5 Buffer based quality control

The key objective of bandwidth adaptation is to minimize client device playback stall when the network bandwidth varies or fluctuates over time. The adaptation algorithm is responsible for selecting the media quality to minimize playback stall while maximizing video quality. A popularly used bandwidth adaptation method is stream switching based on bandwidth estimation. Once a media segment is downloaded by a streaming client, the current network bandwidth is estimated by dividing the segment size by the transmission time. The client then switches to an appropriate bitrate stream by selecting a media stream which bitrate does not exceed the estimated bandwidth. Unfortunately, as discussed in Section 2, adaptive quality control based on the bandwidth measurement is quite difficult and sometimes not effective.

To avoid such difficulties, our algorithm is designed to consider the state of client side playback buffer, regarding that the primary objective of adaptive streaming is to ensure that the playback buffer does not become empty. Therefore, compared to the control algorithms based on the estimated current bandwidth, the proposed algorithm prevents potential side effects caused by incorrect bandwidth estimation.

5.1 Relationship between playback buffer and bandwidth

In the HTTP streaming systems, a media stream is separated into multiple media segments. Therefore, the unit for stream delivery is a media segment. For further discussion, we denote the time when k-th segment delivery is completed as T k , and the play time of segment k as L k . The playback buffer state at k-th delivery event is denoted as P k . The amount of media data available in play buffer (buffer level) is determined by cumulating the play time of media segments. For instance, if a client has downloaded within seven seconds media segments comprising a total play time of ten seconds, the client buffer is increased by three seconds. To be specific, after k th segment is delivered, the playback buffer state P k can be represented by the following recurrence relation:

$$ P_{k} = \sum\limits_{k}(L_{k} - (T_{k} - T_{k-1})) $$
(1)

Note that (1) depends on the interval between the segment upload Δ k = T k T k − 1. This is important because the interval indirectly reflects the current network condition. Assuming the client downloads the media segment with the best effort, if the network bandwidth is sufficiently larger than the average bitrate of the media segment, then the interval will be shorter than the play time of each segment L k . As a result, the buffer state P k will be increased. Therefore, without observing the network bandwidth directly, we can control the media quality effectively by monitoring the variation of available media data in playback buffer.

Figure 4 illustrates how the server awares segment delivery state by observing the changing rate of the client playback buffer state. The changing of the buffer reflects the inflow and outflow of the media stream; the buffer will be in a steady state if the inflow of the media stream to the buffer (limited by network bandwidth) is equal to the outflow from the buffer (limited by media bitrate). This gives the motivation of the proposed control algorithm.
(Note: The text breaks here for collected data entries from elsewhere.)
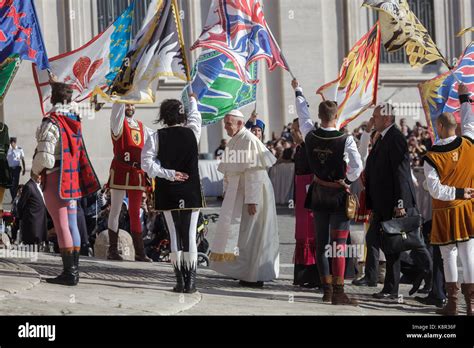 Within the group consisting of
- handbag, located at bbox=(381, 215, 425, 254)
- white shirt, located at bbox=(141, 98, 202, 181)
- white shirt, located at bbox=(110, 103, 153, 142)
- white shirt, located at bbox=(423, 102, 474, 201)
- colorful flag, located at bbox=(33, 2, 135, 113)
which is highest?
colorful flag, located at bbox=(33, 2, 135, 113)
When the playback buffer level increases, the current bandwidth may exceed the bitrate of the currently transmitting media segment, which means it is safe to switch to the higher bitrate stream. If the bitrate of the media stream is equal to the current bandwidth, it is expected that the buffer state will be unchanged because the current bitrate is appropriate to be delivered. Finally, when the playback buffer is decreasing due to abrupt bandwidth shortage, the streamed media bitrate should be lowered to prevent playback stall.

Fig. 4
figure 4

Time-varying buffer state reflects bandwidth information

5.2 Estimating client playback buffer state at server-side

Note that all information to calculate the current client buffer state with (1) is also available at the server-side, which enables to estimate the client buffer information by the server. This brings some advantages in developing a server-side quality control scheme that requires client-side buffer state. By estimating the client-side play buffer state, additional communication cost to share the buffer information between client and server is eliminated. Furthermore, this enables quality control without assistance of the streaming client.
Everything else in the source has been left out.